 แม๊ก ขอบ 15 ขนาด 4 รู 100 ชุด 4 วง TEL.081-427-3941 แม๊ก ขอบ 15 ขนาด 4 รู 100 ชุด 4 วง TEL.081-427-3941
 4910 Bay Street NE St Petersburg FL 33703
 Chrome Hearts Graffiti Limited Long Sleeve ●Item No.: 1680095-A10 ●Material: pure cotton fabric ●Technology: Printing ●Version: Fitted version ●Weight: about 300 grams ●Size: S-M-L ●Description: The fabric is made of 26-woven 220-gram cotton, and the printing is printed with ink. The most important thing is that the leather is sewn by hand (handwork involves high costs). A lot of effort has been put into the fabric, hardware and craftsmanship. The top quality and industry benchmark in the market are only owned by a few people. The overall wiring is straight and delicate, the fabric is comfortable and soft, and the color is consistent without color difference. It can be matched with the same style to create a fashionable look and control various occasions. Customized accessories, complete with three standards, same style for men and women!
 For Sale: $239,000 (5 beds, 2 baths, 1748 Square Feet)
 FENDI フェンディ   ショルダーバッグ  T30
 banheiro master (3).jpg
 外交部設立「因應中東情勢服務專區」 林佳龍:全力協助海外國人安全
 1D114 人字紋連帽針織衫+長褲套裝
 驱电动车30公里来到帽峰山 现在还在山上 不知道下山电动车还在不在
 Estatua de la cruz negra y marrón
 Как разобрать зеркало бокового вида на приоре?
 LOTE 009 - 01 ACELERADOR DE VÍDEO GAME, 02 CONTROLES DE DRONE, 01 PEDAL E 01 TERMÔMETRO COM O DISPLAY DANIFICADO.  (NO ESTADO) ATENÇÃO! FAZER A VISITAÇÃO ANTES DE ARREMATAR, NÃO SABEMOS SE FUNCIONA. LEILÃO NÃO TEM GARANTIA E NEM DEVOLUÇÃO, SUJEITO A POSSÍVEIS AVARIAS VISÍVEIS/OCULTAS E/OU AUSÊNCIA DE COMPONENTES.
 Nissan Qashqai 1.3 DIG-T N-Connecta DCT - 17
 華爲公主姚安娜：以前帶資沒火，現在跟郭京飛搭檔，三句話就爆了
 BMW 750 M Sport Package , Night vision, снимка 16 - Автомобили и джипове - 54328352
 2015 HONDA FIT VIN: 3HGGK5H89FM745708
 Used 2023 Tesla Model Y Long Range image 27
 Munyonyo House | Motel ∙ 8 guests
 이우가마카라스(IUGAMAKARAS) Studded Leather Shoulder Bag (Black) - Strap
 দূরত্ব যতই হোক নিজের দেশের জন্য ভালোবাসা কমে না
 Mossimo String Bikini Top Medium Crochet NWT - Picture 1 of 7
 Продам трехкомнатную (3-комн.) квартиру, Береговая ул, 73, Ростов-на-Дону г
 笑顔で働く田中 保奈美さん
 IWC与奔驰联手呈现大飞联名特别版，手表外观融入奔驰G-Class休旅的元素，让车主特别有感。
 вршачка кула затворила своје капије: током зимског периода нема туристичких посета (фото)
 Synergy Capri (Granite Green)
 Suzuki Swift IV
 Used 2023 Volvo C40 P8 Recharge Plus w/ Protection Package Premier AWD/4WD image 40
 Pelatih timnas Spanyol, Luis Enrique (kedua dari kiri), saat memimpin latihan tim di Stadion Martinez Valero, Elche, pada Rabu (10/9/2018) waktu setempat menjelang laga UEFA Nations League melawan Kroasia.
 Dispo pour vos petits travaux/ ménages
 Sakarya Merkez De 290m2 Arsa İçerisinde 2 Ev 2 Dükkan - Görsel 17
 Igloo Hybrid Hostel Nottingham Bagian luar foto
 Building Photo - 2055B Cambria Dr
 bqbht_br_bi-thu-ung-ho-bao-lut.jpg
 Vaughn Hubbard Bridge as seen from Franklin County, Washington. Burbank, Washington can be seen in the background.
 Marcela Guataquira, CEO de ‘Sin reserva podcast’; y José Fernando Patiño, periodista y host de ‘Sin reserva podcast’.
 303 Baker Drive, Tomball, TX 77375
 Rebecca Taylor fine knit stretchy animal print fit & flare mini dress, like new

------------------------------------------------

Work required
The lines above from the one containing "Building Photo - 2055B Cambria Dr" through the one containing "Vaughn Hubbard Bridge" are to be set down exactly, and no others.

Result
 Building Photo - 2055B Cambria Dr
 bqbht_br_bi-thu-ung-ho-bao-lut.jpg
 Vaughn Hubbard Bridge as seen from Franklin County, Washington. Burbank, Washington can be seen in the background.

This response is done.